- Input data

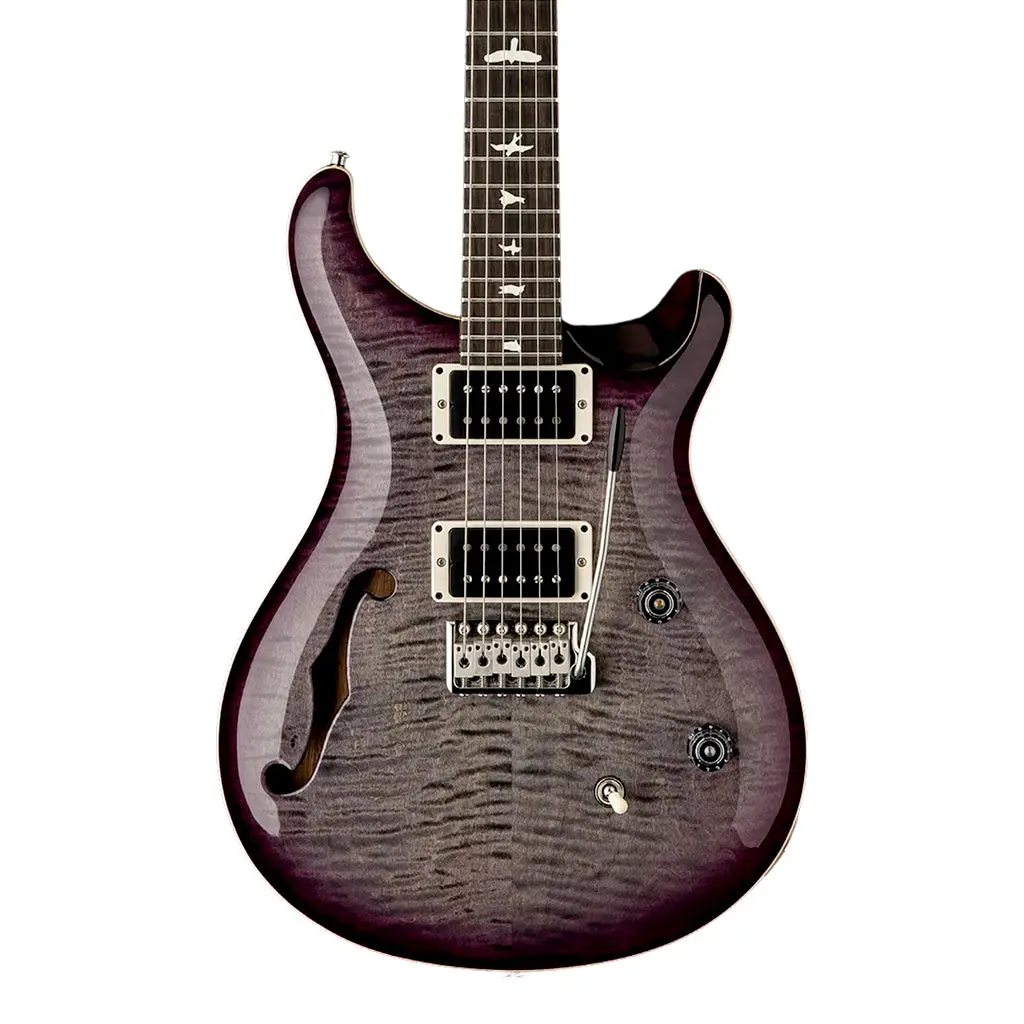 Prs Ce24 Semi Hollow Faded Grey Purple Burst 1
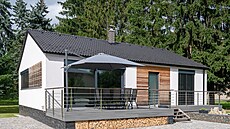 Nekomplikovaný tvar domu je ideální pro univerzální vnit�ní dispozi�ní �e�ení.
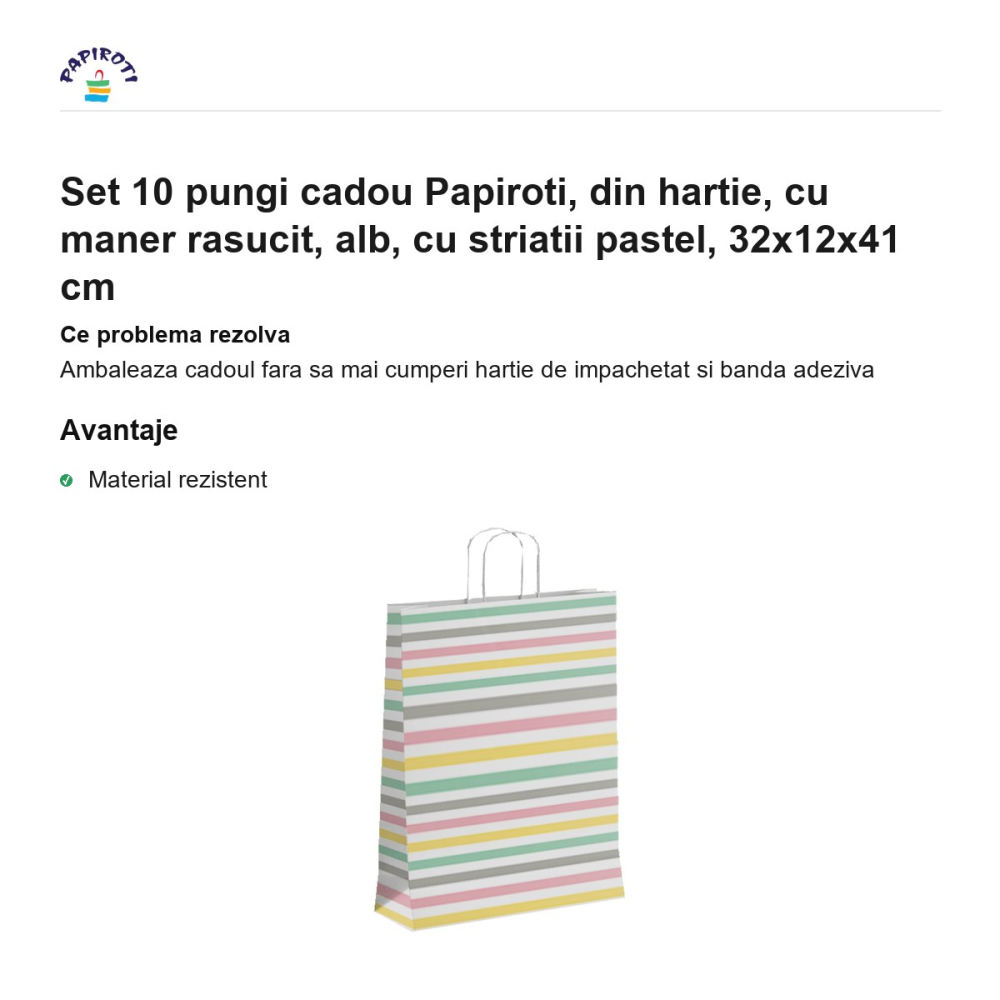 Set 10 pungi cadou Papiroti, din hartie, cu maner rasucit, alb, cu striatii pastel, 32x12x41 cm [2]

- What you will do
Could you write out the whole listing exactly, dropping the pictures?

- Solution for this exercise
 Prs Ce24 Semi Hollow Faded Grey Purple Burst 1
 Nekomplikovaný tvar domu je ideální pro univerzální vnit�ní dispozi�ní �e�ení.
 Set 10 pungi cadou Papiroti, din hartie, cu maner rasucit, alb, cu striatii pastel, 32x12x41 cm [2]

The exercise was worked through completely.